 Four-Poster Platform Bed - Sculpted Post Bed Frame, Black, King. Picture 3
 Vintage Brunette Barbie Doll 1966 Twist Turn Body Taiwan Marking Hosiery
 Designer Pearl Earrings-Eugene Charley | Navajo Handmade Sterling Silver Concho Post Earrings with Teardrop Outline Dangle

^^^^

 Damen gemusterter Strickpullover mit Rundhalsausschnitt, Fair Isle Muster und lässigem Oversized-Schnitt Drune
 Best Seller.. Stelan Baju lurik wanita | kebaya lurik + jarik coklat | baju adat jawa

^^^^

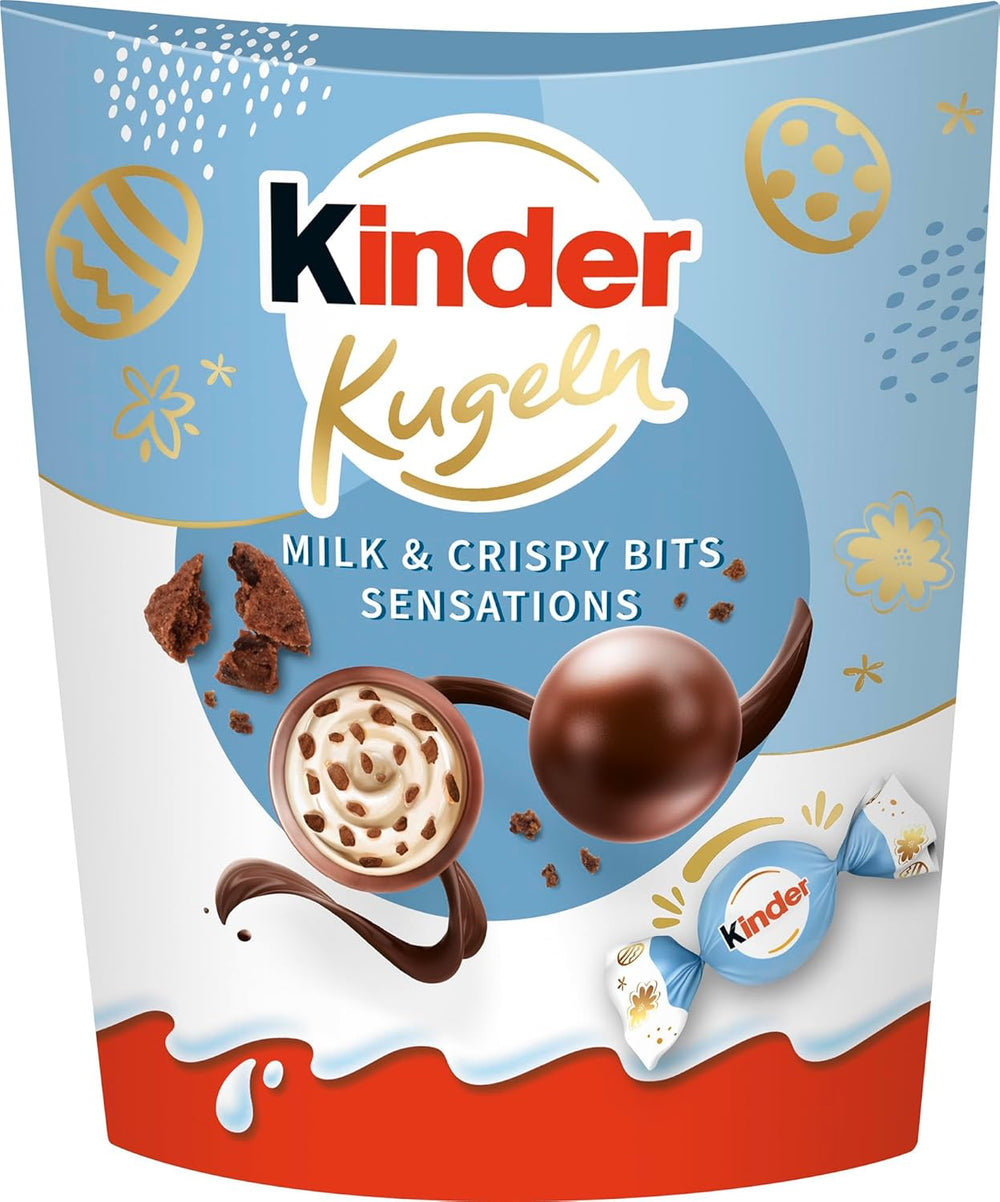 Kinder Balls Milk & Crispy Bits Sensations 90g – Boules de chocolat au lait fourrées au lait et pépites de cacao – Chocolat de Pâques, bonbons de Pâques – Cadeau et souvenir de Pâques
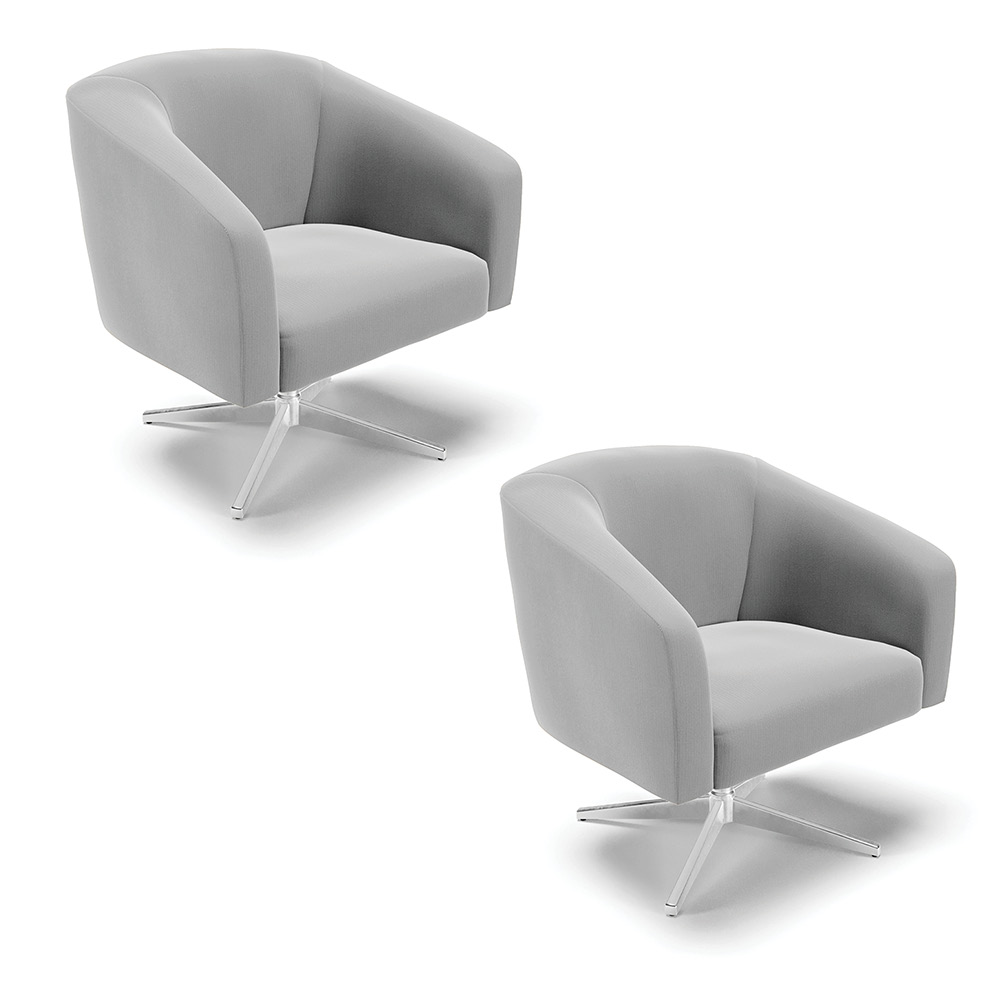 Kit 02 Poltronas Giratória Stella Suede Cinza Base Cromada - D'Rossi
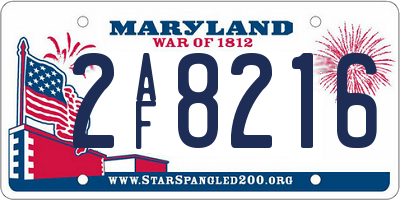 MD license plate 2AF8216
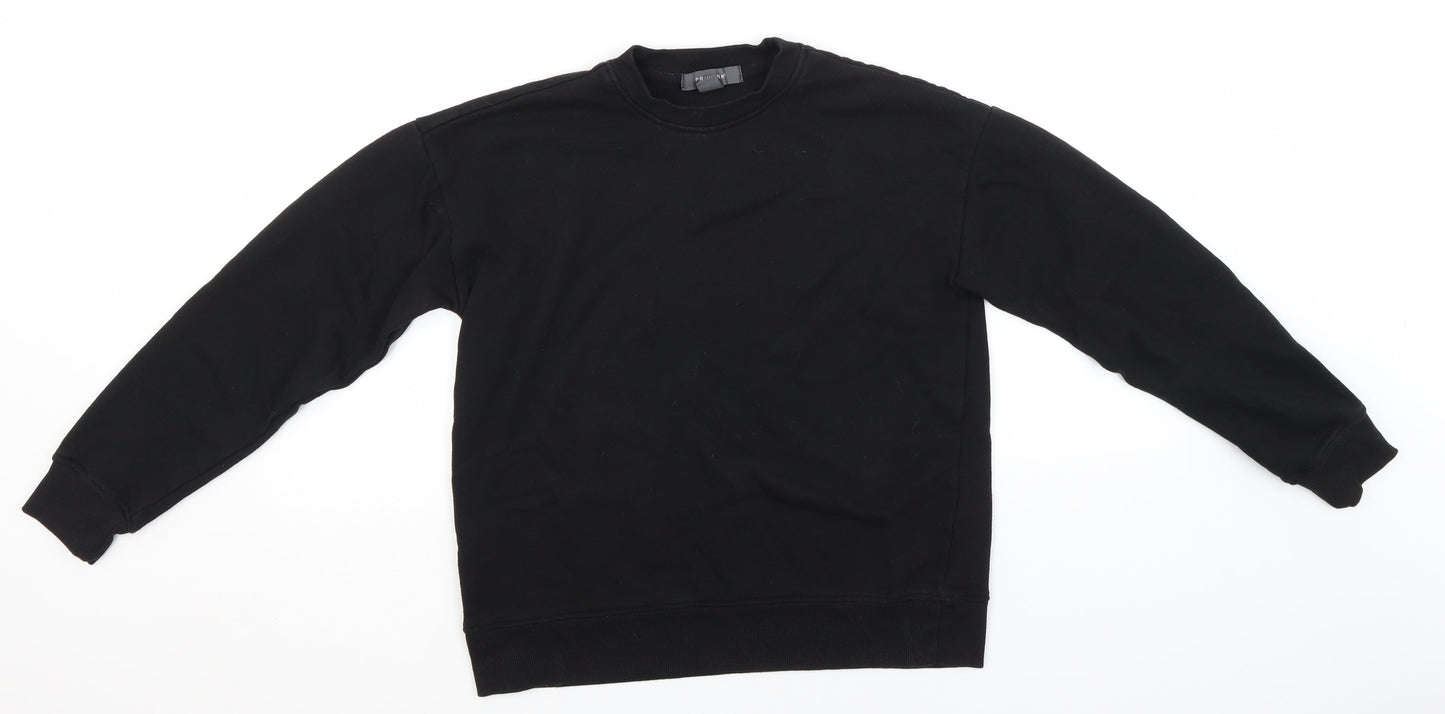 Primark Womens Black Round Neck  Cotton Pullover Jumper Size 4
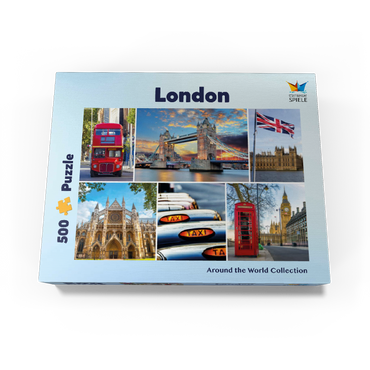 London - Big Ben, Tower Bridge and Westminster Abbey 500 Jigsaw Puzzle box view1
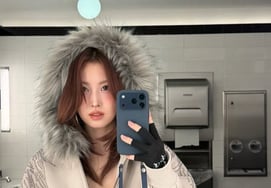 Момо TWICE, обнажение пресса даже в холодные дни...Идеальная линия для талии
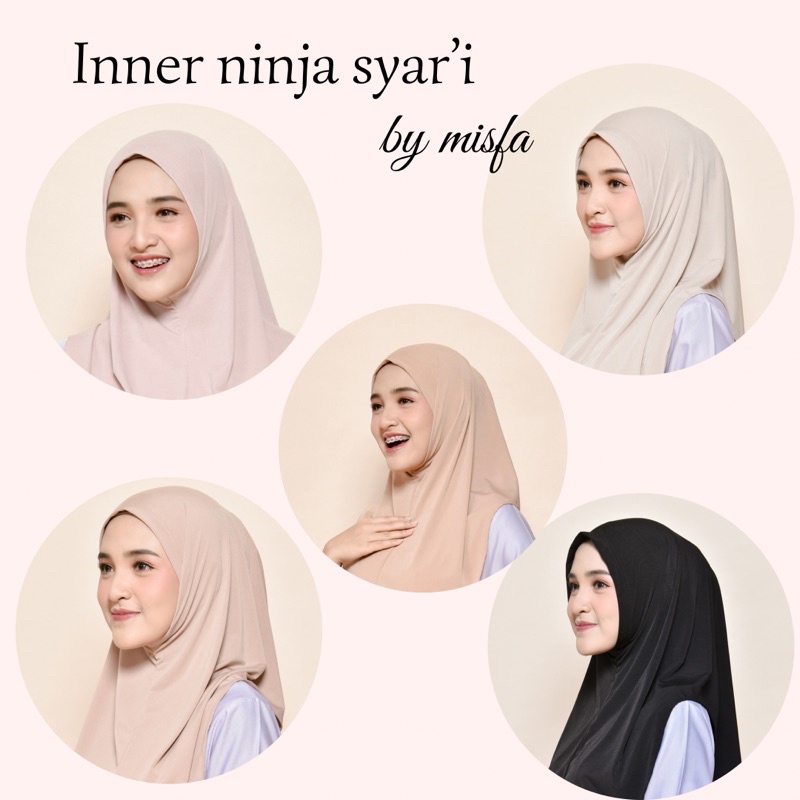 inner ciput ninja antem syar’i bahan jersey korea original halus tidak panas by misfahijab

^^^^

● **Exercise description**
In your answer, include only the lines above starting at the line that holds "Four-Poster Platform Bed" and ending at the line that holds "Designer Pearl Earrings-Eugene", copied exactly.

● **The completed task**
 Four-Poster Platform Bed - Sculpted Post Bed Frame, Black, King. Picture 3
 Vintage Brunette Barbie Doll 1966 Twist Turn Body Taiwan Marking Hosiery
 Designer Pearl Earrings-Eugene Charley | Navajo Handmade Sterling Silver Concho Post Earrings with Teardrop Outline Dangle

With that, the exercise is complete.